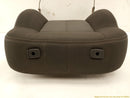 Hummer H3 Passenger Right Front Seat Upper Cushion-7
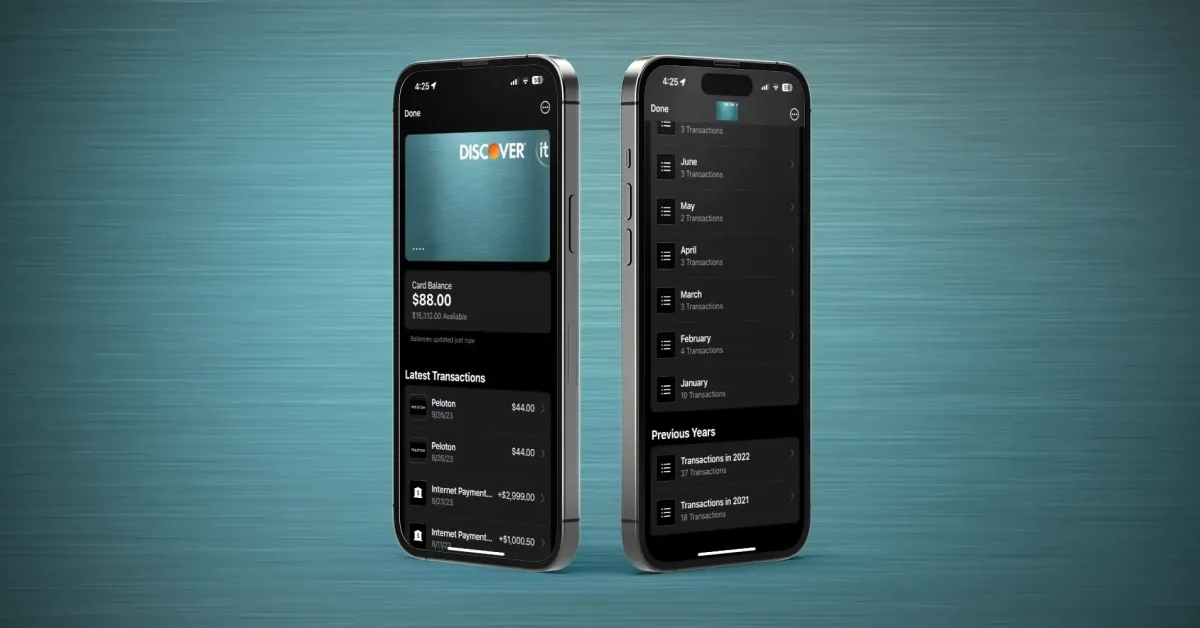 Ending of Rewards and Linked Account Support with Apple Pay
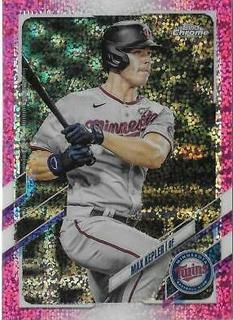 Max Kepler
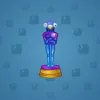 Mini Oscar #132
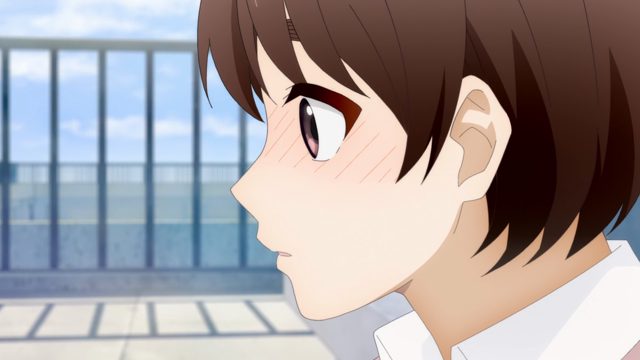 初めてのデート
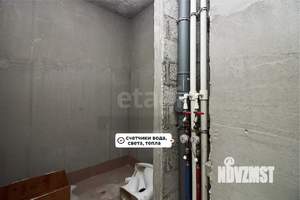 1-к квартира, вторичка, 35м2, 6/12 этаж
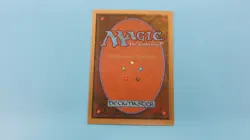 PLAINS ( C DARK ) COLLECTORS' EDITION CE MAGIC MTG UNPLAYED MINT - Image 2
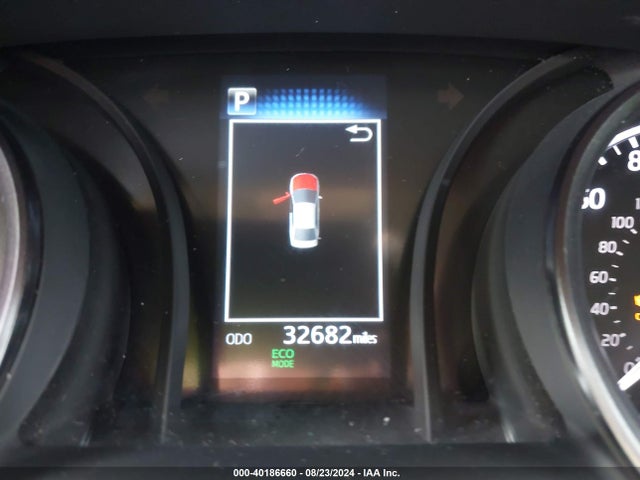 Toyota CAMRY SE 2023 4T1G11AK7PU822830 Image 15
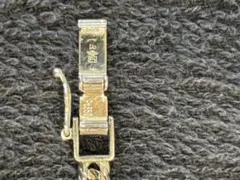 プラチナ喜平ネックレス50cm、30g、12面トリプルカット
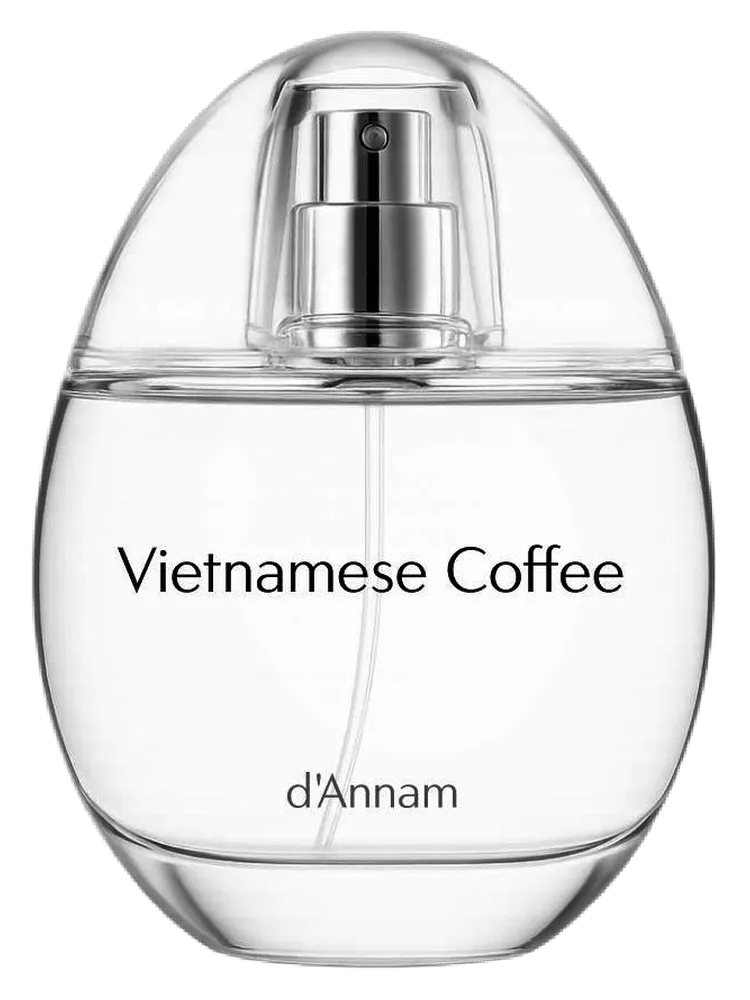 Vietnamese Coffee by d'Annam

•••

__TO DO__:
From the data above, write out everything exactly except the pictures.

__RESPONSE TO THIS TASK__:
 Hummer H3 Passenger Right Front Seat Upper Cushion-7
 Ending of Rewards and Linked Account Support with Apple Pay
 Max Kepler
 Mini Oscar #132
 初めてのデート
 1-к квартира, вторичка, 35м2, 6/12 этаж
 PLAINS ( C DARK ) COLLECTORS' EDITION CE MAGIC MTG UNPLAYED MINT - Image 2
 Toyota CAMRY SE 2023 4T1G11AK7PU822830 Image 15
 プラチナ喜平ネックレス50cm、30g、12面トリプルカット
 Vietnamese Coffee by d'Annam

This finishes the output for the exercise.